__Work task__.
Each entry should be copied as it stands, leaving the pictures behind.

__The input__.
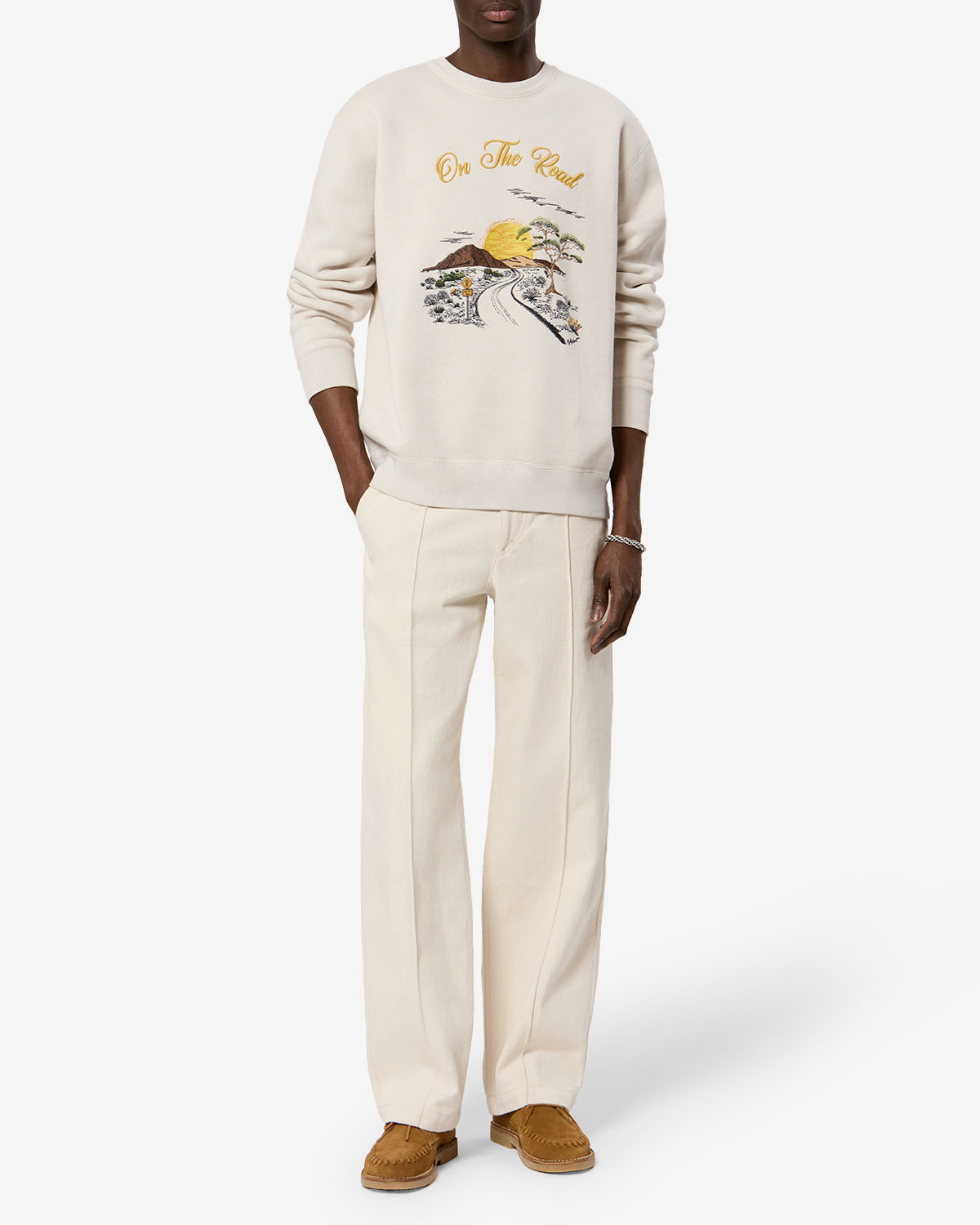 Isabel Marant Mikoy Sweatshirt molleton écru logo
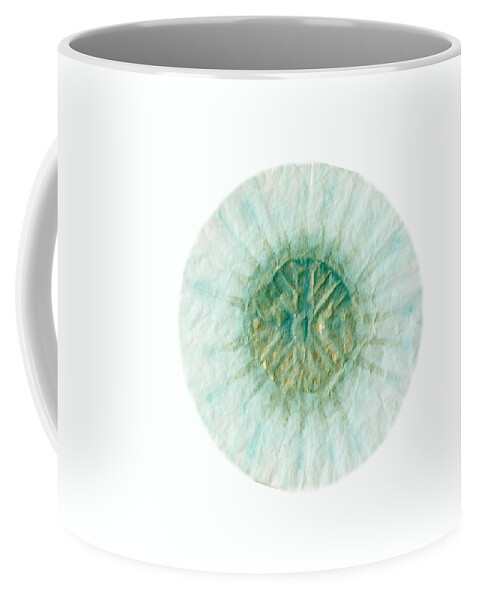 Gold Coffee Mug featuring the painting Rays of the Sun by Lori Kingston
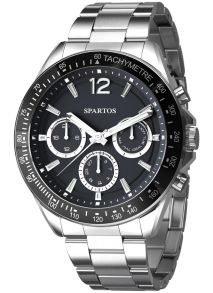 Armbåndsur i rustfrit stål til mænd - Spartos Classic SPW007602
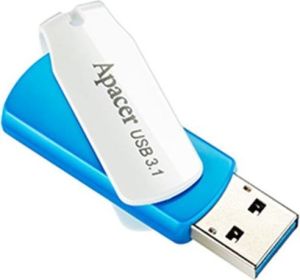 Obrázok pre výrobcu Apacer USB flash disk, USB 3.0, 32GB, AH357, modrý, USB A, s otočnou krytkou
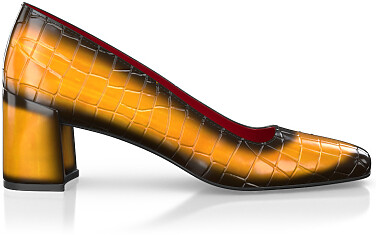 Luxuriöse Blockabsatz-Schuhe für Damen 45590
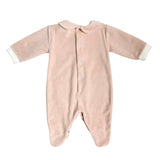 Tutina Intera In Ciniglia Ricamata Neonata TETO E TATTA TU8081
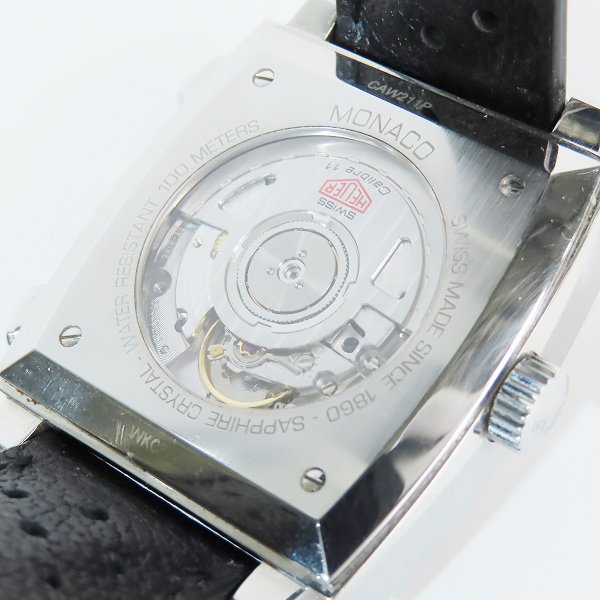 実際に弊社で買取させて頂いたTAG HEUER/タグホイヤー  モナコ キャリバー11 クロノグラフ CAW211Pの画像 5枚目
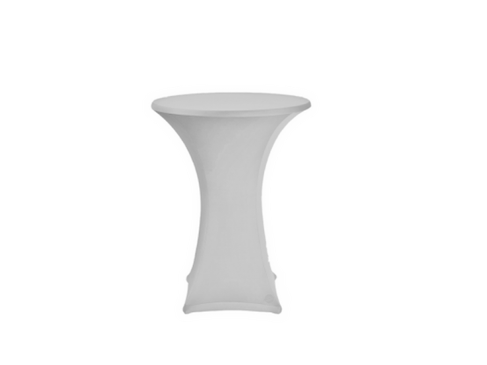 Stretchhusse mieten – 2-teilig, weiß, für Stehtische Ø 80 cm, inkl. Reinigung – 2
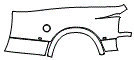 Outer Bed Panel Kit pattern for the 2026 RAM 3500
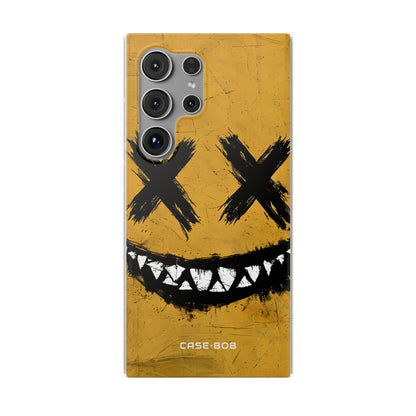 Jagged Smile Yellow Samsung S24 Ultra Case - Soft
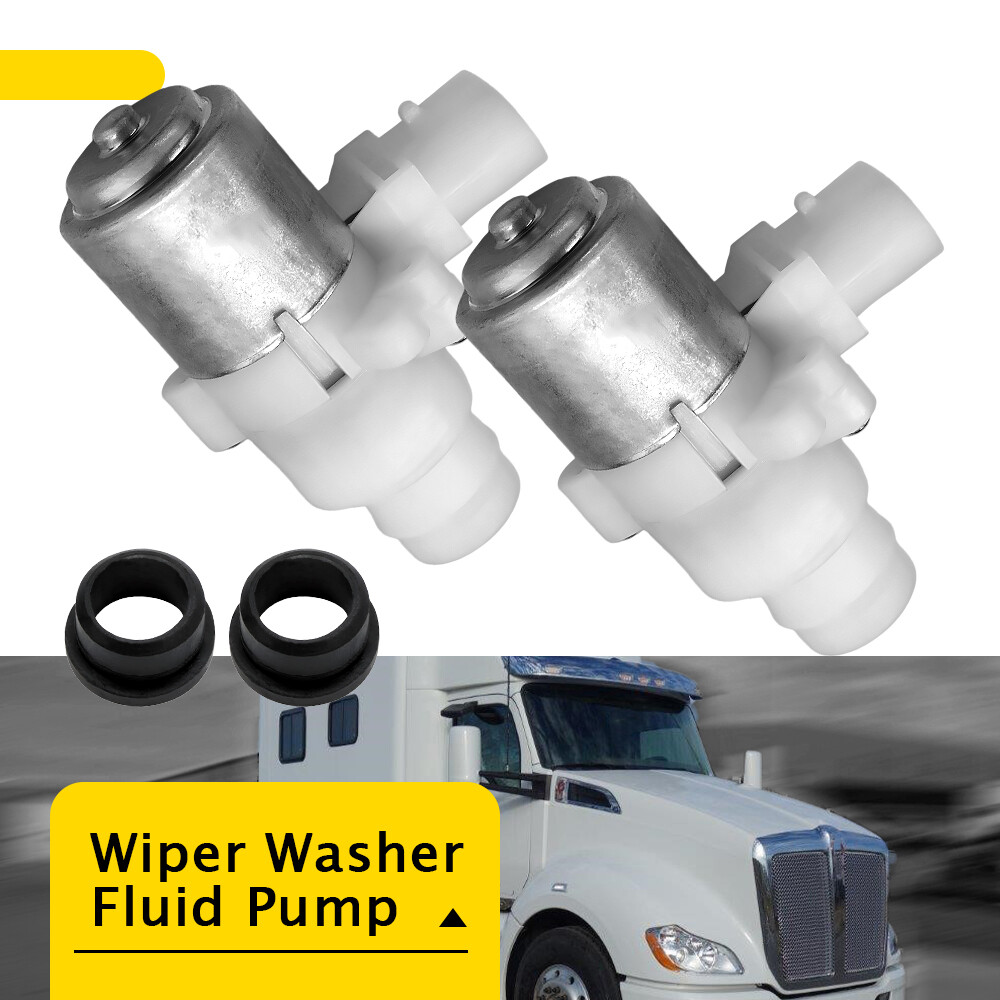 2pc Windshield Wiper Washer Fluid Pump Compatible with Kenworth T680 T880 Peterbilt 104307 M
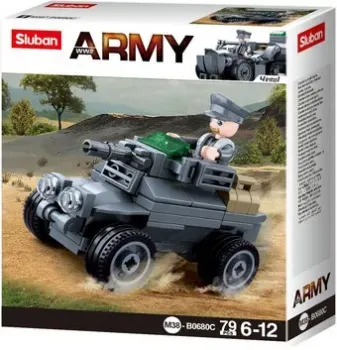 Sluban Армия M38-B0680C Бронетранспортер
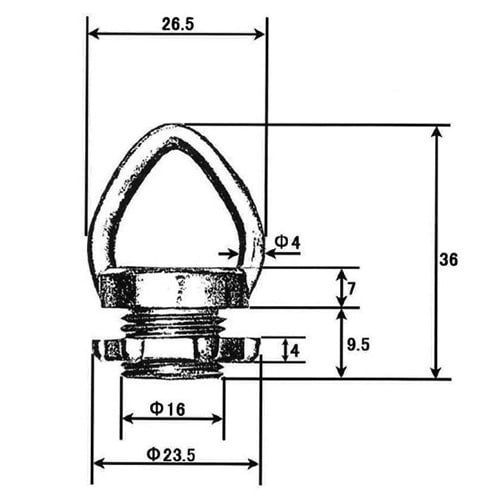 蛍光灯器具吊り下げ用金具 EA758XZ−52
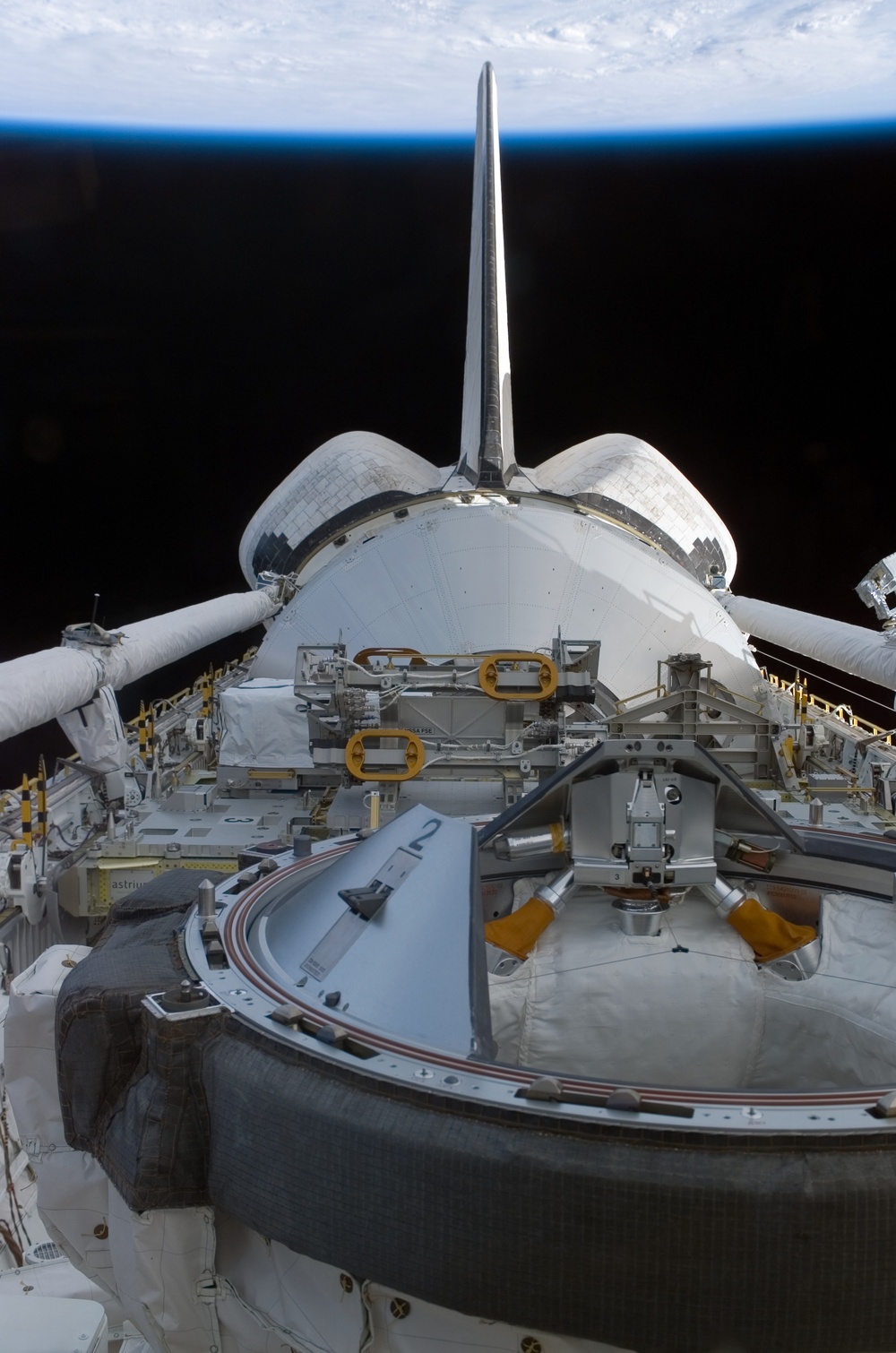 View of the Discovery's payload bay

__Answer section__.
 Isabel Marant Mikoy Sweatshirt molleton écru logo
 Gold Coffee Mug featuring the painting Rays of the Sun by Lori Kingston
 Armbåndsur i rustfrit stål til mænd - Spartos Classic SPW007602
 Obrázok pre výrobcu Apacer USB flash disk, USB 3.0, 32GB, AH357, modrý, USB A, s otočnou krytkou
 Luxuriöse Blockabsatz-Schuhe für Damen 45590
 Tutina Intera In Ciniglia Ricamata Neonata TETO E TATTA TU8081
 実際に弊社で買取させて頂いたTAG HEUER/タグホイヤー  モナコ キャリバー11 クロノグラフ CAW211Pの画像 5枚目
 Stretchhusse mieten – 2-teilig, weiß, für Stehtische Ø 80 cm, inkl. Reinigung – 2
 Outer Bed Panel Kit pattern for the 2026 RAM 3500
 Jagged Smile Yellow Samsung S24 Ultra Case - Soft
 2pc Windshield Wiper Washer Fluid Pump Compatible with Kenworth T680 T880 Peterbilt 104307 M
 Sluban Армия M38-B0680C Бронетранспортер
 蛍光灯器具吊り下げ用金具 EA758XZ−52
 View of the Discovery's payload bay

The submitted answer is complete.